### Extracted data
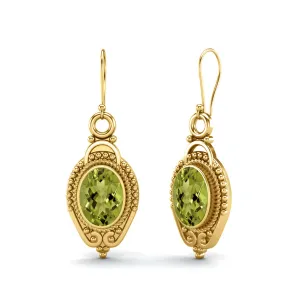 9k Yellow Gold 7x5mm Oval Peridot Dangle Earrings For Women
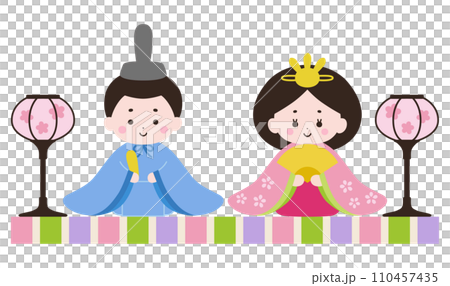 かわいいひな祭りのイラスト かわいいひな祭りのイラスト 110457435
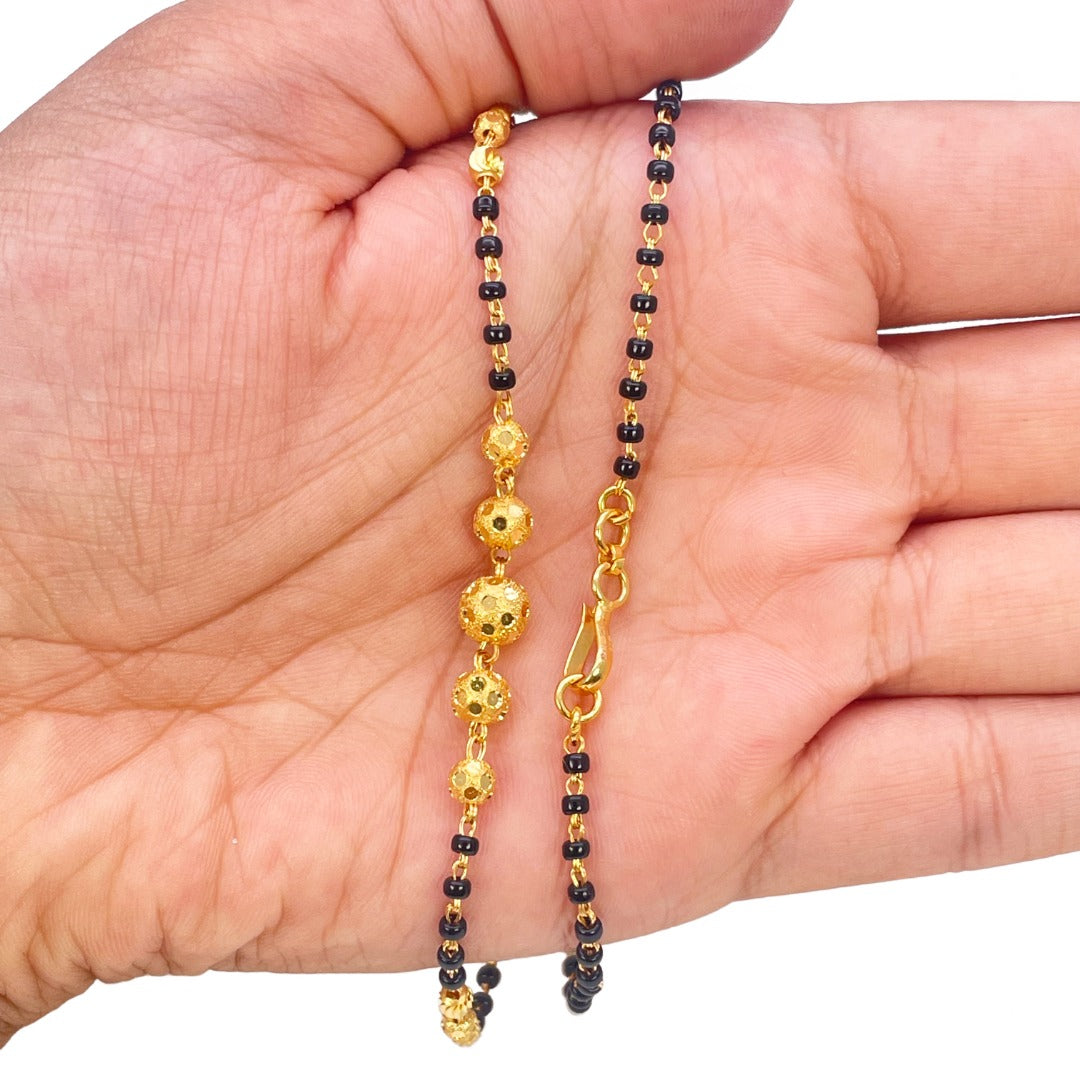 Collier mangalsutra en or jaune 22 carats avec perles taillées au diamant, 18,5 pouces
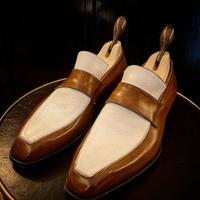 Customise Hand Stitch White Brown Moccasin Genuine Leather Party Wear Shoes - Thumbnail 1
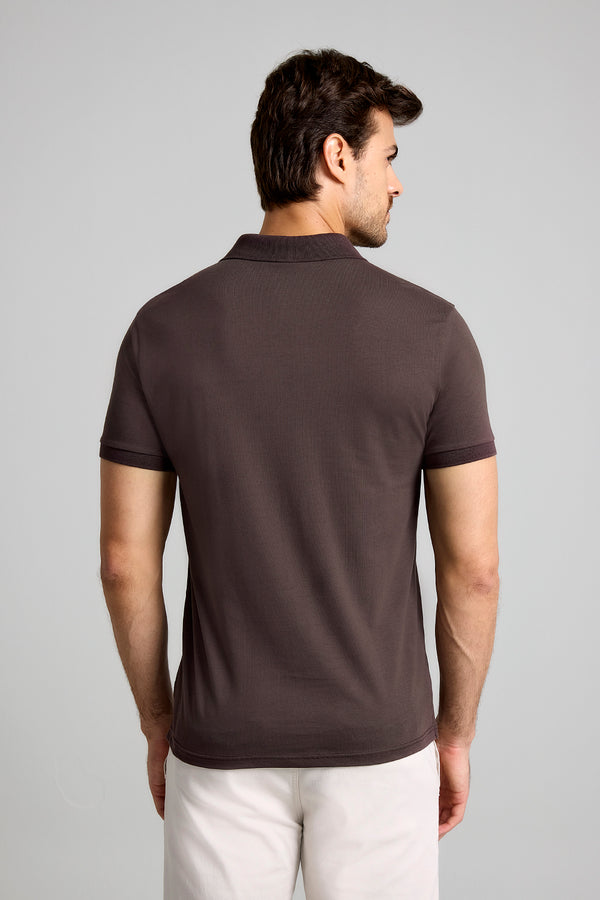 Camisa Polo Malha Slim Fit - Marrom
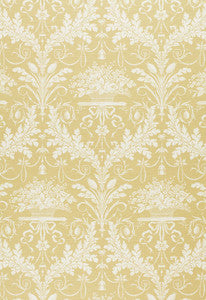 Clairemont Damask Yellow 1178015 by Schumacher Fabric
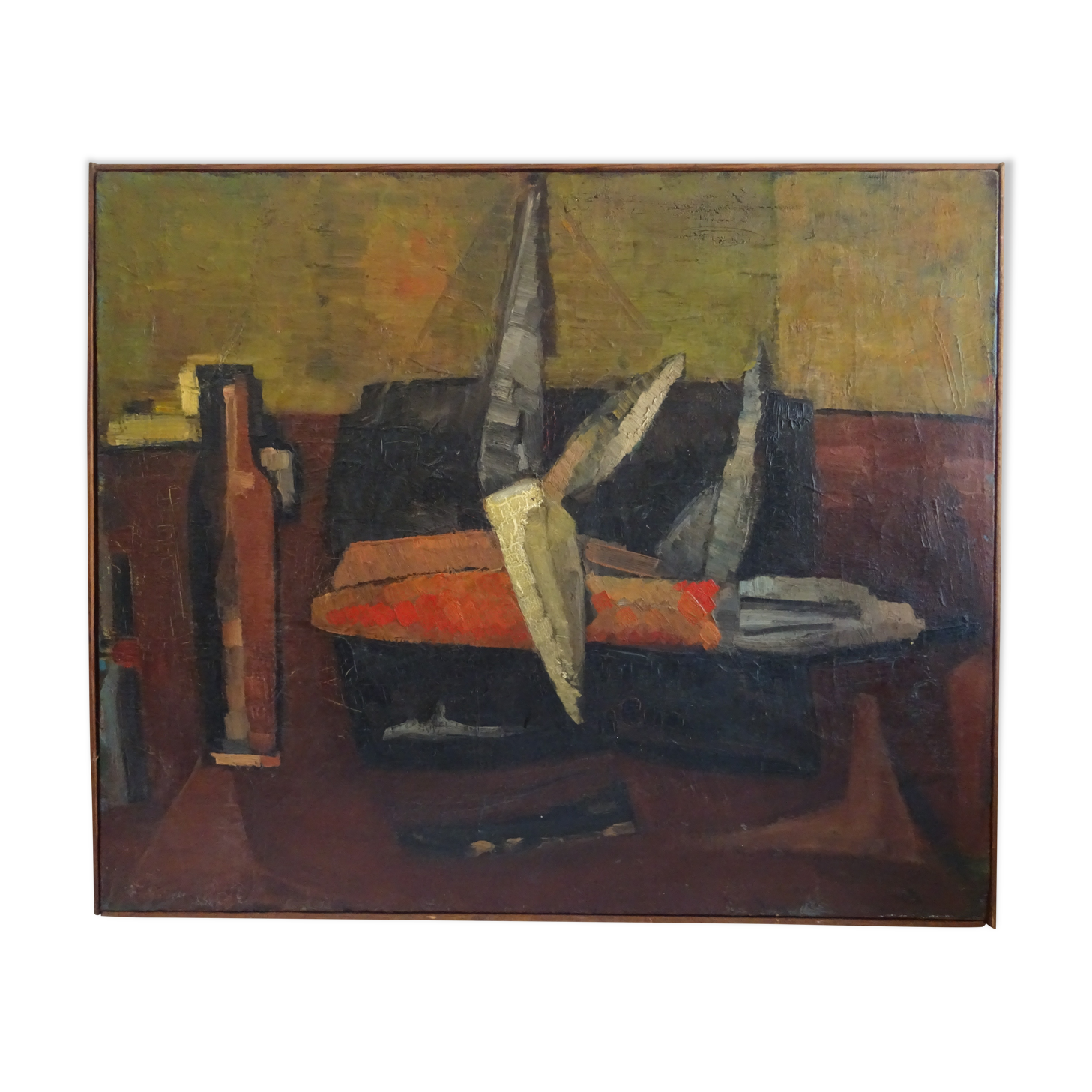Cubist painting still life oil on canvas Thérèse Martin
######
Leave the pictures out, then output exactly the lines from the "かわいいひな祭りのイラスト かわいいひな祭りのイラスト 110457435" line through the end of the records above, and no others.

**Answer to this exercise**
 かわいいひな祭りのイラスト かわいいひな祭りのイラスト 110457435
 Collier mangalsutra en or jaune 22 carats avec perles taillées au diamant, 18,5 pouces
 Customise Hand Stitch White Brown Moccasin Genuine Leather Party Wear Shoes - Thumbnail 1
 Camisa Polo Malha Slim Fit - Marrom
 Clairemont Damask Yellow 1178015 by Schumacher Fabric
Cubist painting still life oil on canvas Thérèse Martin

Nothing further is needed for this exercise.